= William Duncombe (composer) =

English composer

William Duncombe (ca. 1736-1738 - 30 November 1818, or 1819) was an English composer. He was an organist in Kensington.

He is mainly known by a few small piano pieces (especially a Sonatina in C Major and the Fanfare or Fanfare Minuet) that are still reprinted in pedagogical collections. They are probably excerpts of the Progressive lessons for the harpsichord and piano forte, published in 1778 (or 1785).

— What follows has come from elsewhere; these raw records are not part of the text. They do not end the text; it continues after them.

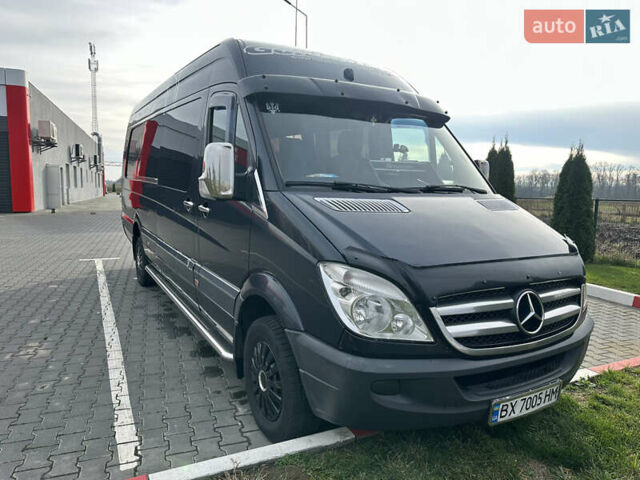 Черный Мерседес Sprinter, объемом двигателя 2.99 л и пробегом 675 тыс. км за 16800 $, фото 18 на Automoto.ua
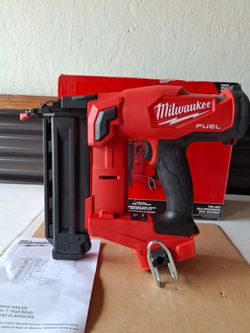 Milwaukee M18 FUEL 18 Gauge Brad Nailer (tool only)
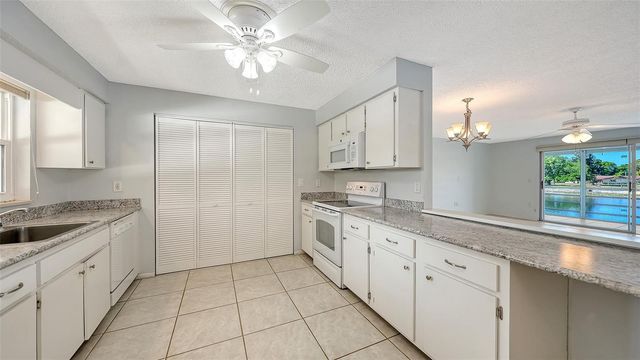4458 NARRAGANSET TRAIL 93A, Sarasota, FL 34233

Duncombe is frequently confused with the writer William Duncombe (1690 - 1769).

==Works==
- First Book of Progressive Lessons for the Harpsichord and Piano Forte – London : J. Bland, n.d. [1778]
- Second Book of Twelve Progressive Lessons for the Harpsichord or Piano Forte – London : J. Bland, n.d. [1778]
- The Favorite Air, of God save the King, with variations for two performers on one piano forte, or harpsichord – London, [1792]
- An hymn to be sung by the charity children of Kensington, at their parish church, on Sunday, 15 December 1793, after a sermon preached in the Morning by the Rev. Archer Thompson, A.B. Chaplain to the Bishop of Bristol, Joint Morning Preacher of Portman Chapel and St. James's Chapel, Tottenham-Court-Road, and Vicar of Thatcham, Berks. The Music by Mr. Duncombe − [London]: Martin, Kensington, [1793]
- What tho' the sun withdraws his ray – London, n.d. [1760?]